**Aim of the exercise:** Each line from the first entry to the line with "Samsung Galaxy S21 Case Flag", both included, is to be returned unchanged, with any pictures dropped.

**Image-text web data:**
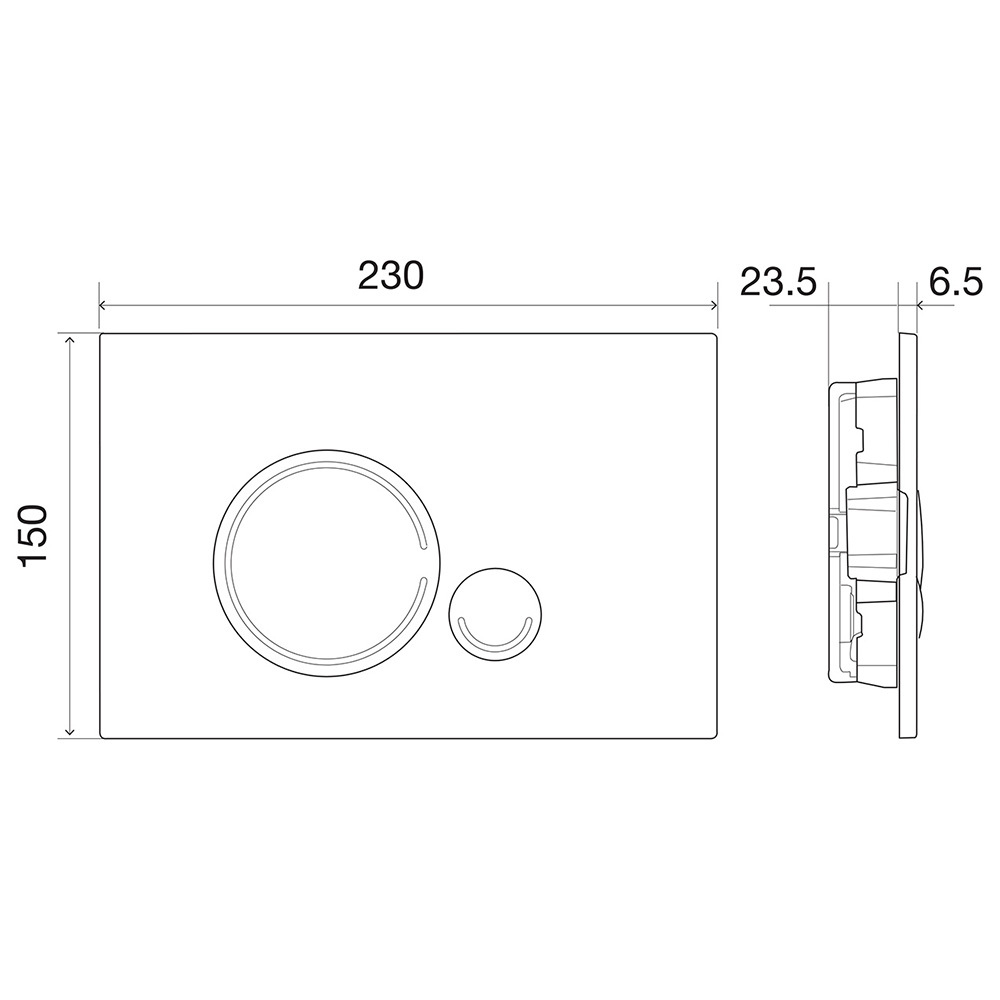 Клавиша смыва для инсталляций BelBagno Sfera белая (BB014-SR-BIANCO)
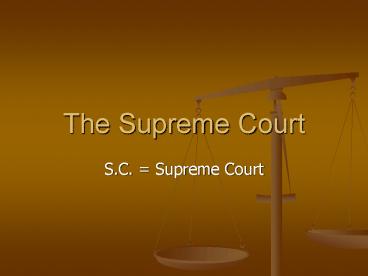 The Supreme Court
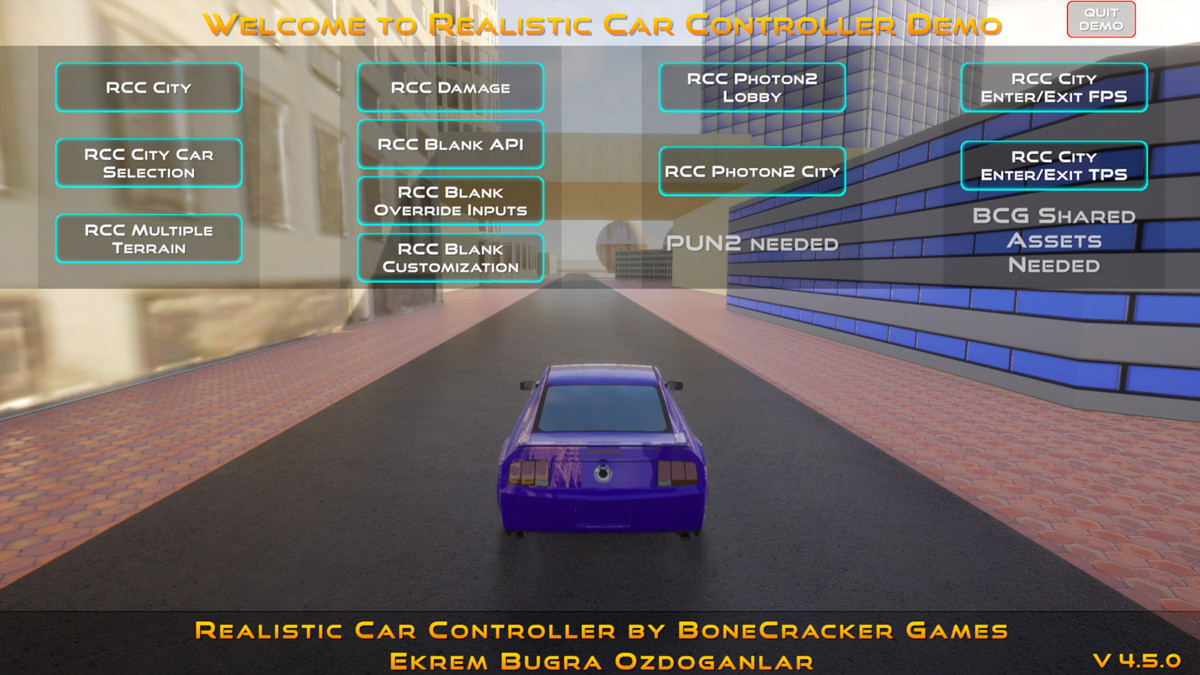 Realistic Car Controller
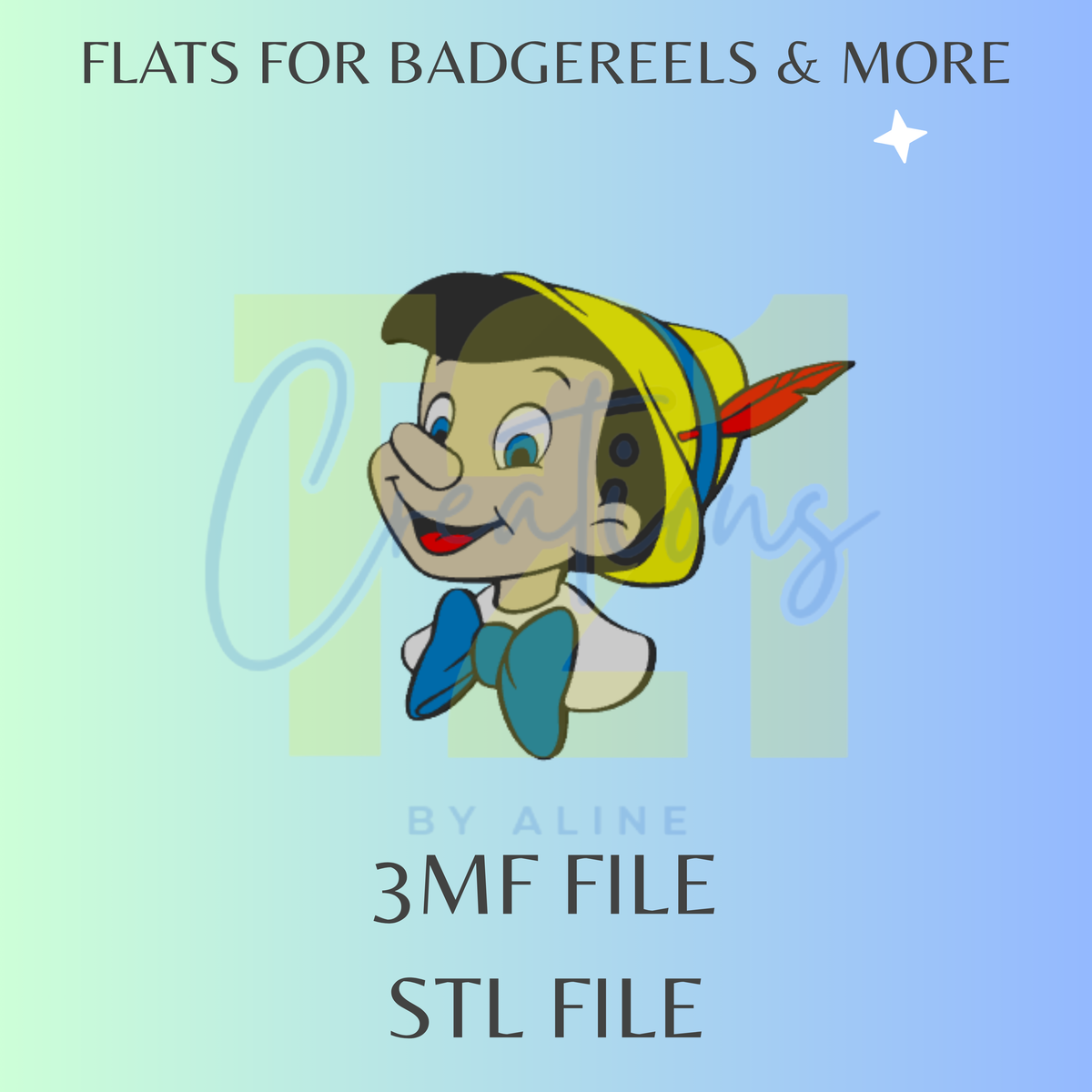 WOODEN BOY FLAT STL FILE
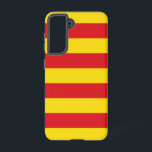 Samsung Galaxy S21 Case Flag of Catalonia<br><div class="desc">Add a touch of Catalonian pride to your everyday essentials with our exclusive Samsung Galaxy S21 case featuring the flag of Catalonia! Crafted with meticulous attention to detail, this phone case is more than just a functional item; it’s a celebration of Catalonia’s heritage and cultural pride. The vibrant design prominently...</div>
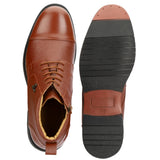 HAUTTON New Premium Geniune Leather Ankle Chain Boots for Men - PRAKONLINESTORES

**Solution to the problem:**
 Клавиша смыва для инсталляций BelBagno Sfera белая (BB014-SR-BIANCO)
 The Supreme Court
 Realistic Car Controller
 WOODEN BOY FLAT STL FILE
 Samsung Galaxy S21 Case Flag of Catalonia<br><div class="desc">Add a touch of Catalonian pride to your everyday essentials with our exclusive Samsung Galaxy S21 case featuring the flag of Catalonia! Crafted with meticulous attention to detail, this phone case is more than just a functional item; it’s a celebration of Catalonia’s heritage and cultural pride. The vibrant design prominently...</div>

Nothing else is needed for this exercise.